(Collection entries)
——

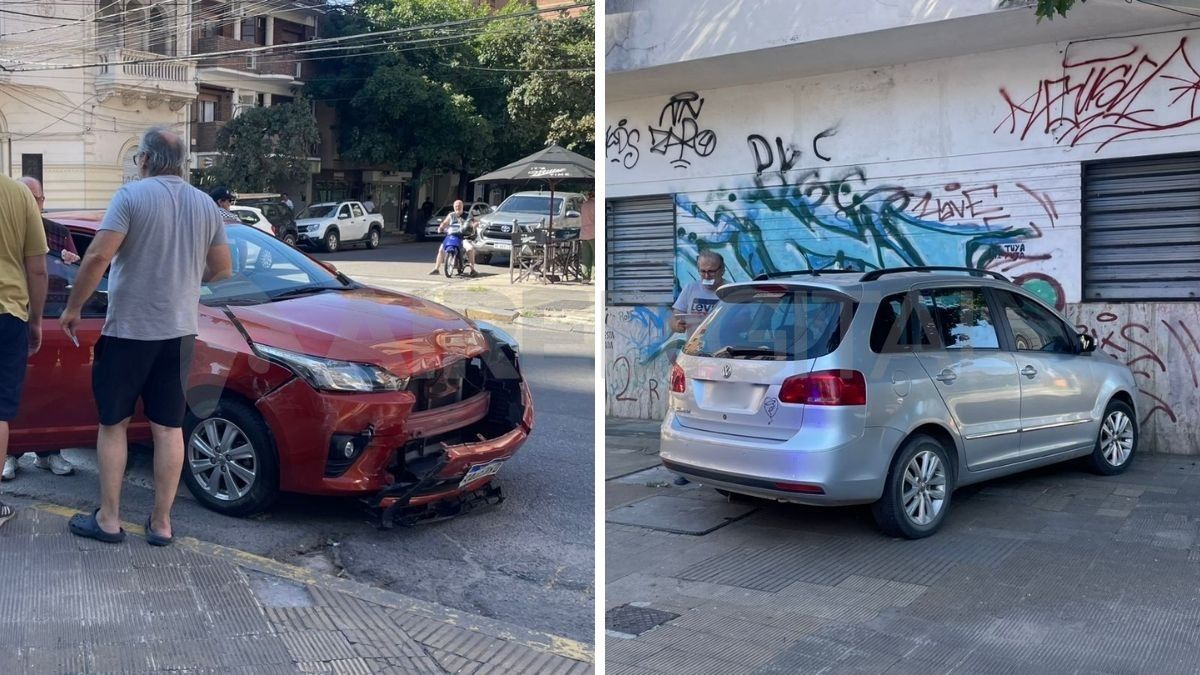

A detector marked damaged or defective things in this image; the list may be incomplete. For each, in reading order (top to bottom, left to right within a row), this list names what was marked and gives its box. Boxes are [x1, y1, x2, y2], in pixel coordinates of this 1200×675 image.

red damaged car [4, 210, 530, 526]
cracked headlight [255, 343, 410, 391]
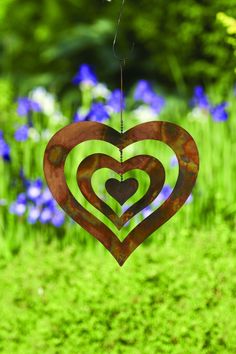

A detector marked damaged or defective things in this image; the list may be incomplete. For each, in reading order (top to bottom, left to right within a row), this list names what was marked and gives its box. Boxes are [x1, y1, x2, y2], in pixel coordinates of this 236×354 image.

rusty metal heart [76, 154, 165, 230]
rusty metal heart [43, 121, 199, 266]
rusty metal heart [105, 178, 138, 206]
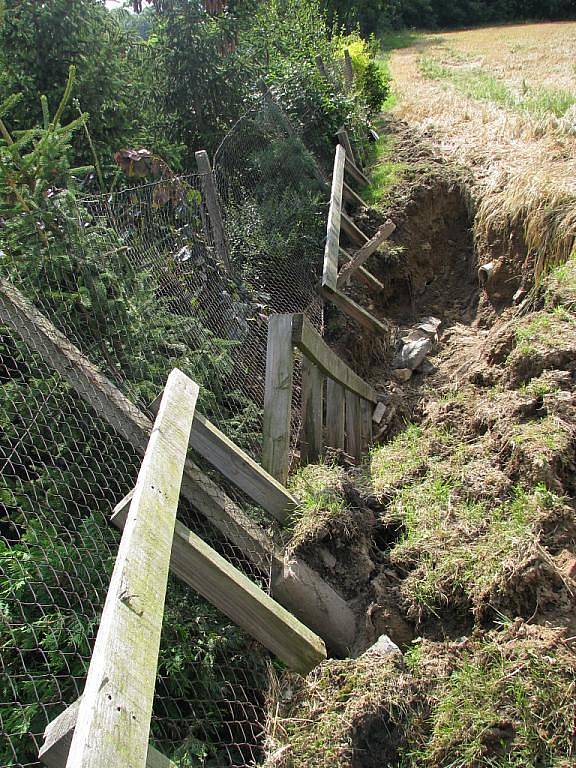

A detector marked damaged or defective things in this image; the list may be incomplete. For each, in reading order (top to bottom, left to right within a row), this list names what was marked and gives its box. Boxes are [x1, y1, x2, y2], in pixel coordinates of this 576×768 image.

broken fence plank [148, 392, 294, 524]
broken fence plank [264, 314, 294, 484]
broken fence plank [322, 145, 344, 292]
broken fence plank [292, 312, 378, 402]
broken fence plank [322, 280, 390, 332]
broken fence plank [338, 220, 396, 290]
broken fence plank [65, 370, 199, 768]
broken fence plank [111, 504, 324, 672]
broken fence plank [38, 704, 174, 768]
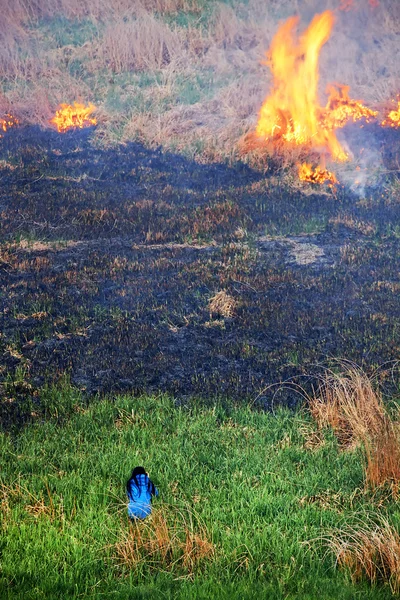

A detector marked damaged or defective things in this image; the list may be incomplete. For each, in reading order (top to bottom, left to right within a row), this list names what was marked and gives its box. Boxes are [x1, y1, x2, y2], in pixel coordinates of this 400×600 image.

burned area [0, 125, 400, 426]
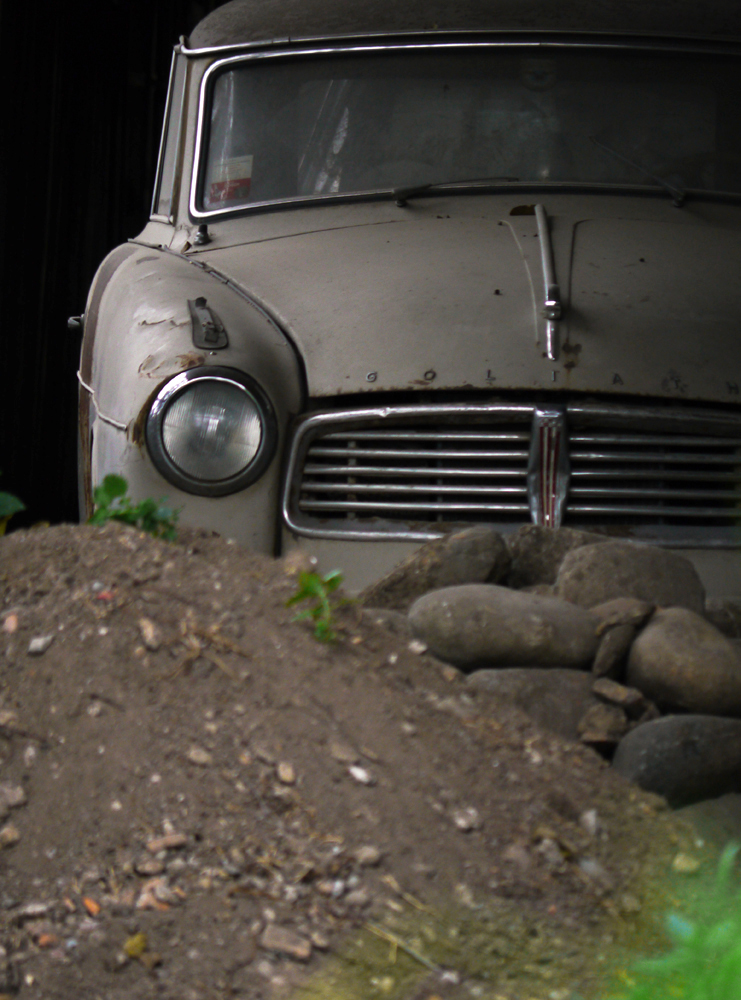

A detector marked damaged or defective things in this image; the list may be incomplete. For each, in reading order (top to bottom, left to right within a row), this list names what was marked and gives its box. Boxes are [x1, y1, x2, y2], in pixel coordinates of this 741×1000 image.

abandoned vintage car [76, 0, 741, 592]
cracked windshield [201, 49, 740, 210]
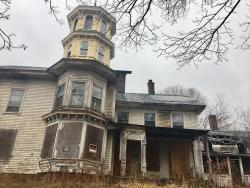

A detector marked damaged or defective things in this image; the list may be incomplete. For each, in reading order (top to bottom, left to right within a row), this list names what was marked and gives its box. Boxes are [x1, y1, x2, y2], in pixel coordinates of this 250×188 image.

broken window [5, 89, 24, 112]
broken window [0, 129, 16, 161]
broken window [40, 124, 57, 159]
broken window [55, 122, 82, 159]
broken window [83, 125, 103, 161]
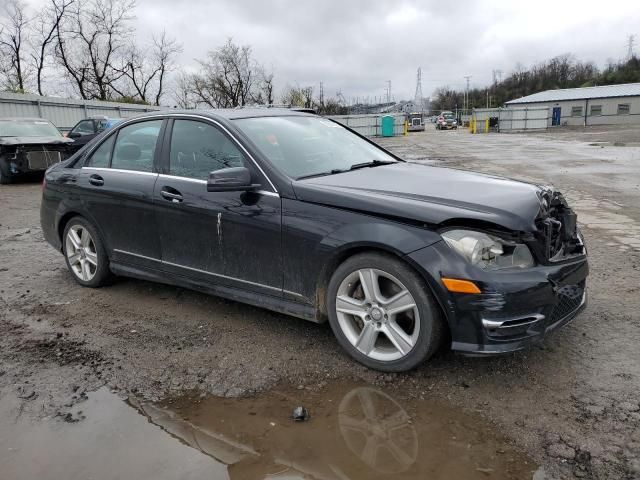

——

For this exercise, set down exactly the lines that run from the line holding "this 250×188 image." to the last line of the records above; include both end lines and omit pictures.

§ Output
A detector marked damaged or defective things in this image; the list may be incomplete. For each, in reading order (top to bottom, left to right within a row), this list names what was marked and gives its box. Boxes are [x1, y1, x2, y2], in pixel coordinates of this 250×188 image.

broken window [5, 89, 24, 112]
broken window [0, 129, 16, 161]
broken window [40, 124, 57, 159]
broken window [55, 122, 82, 159]
broken window [83, 125, 103, 161]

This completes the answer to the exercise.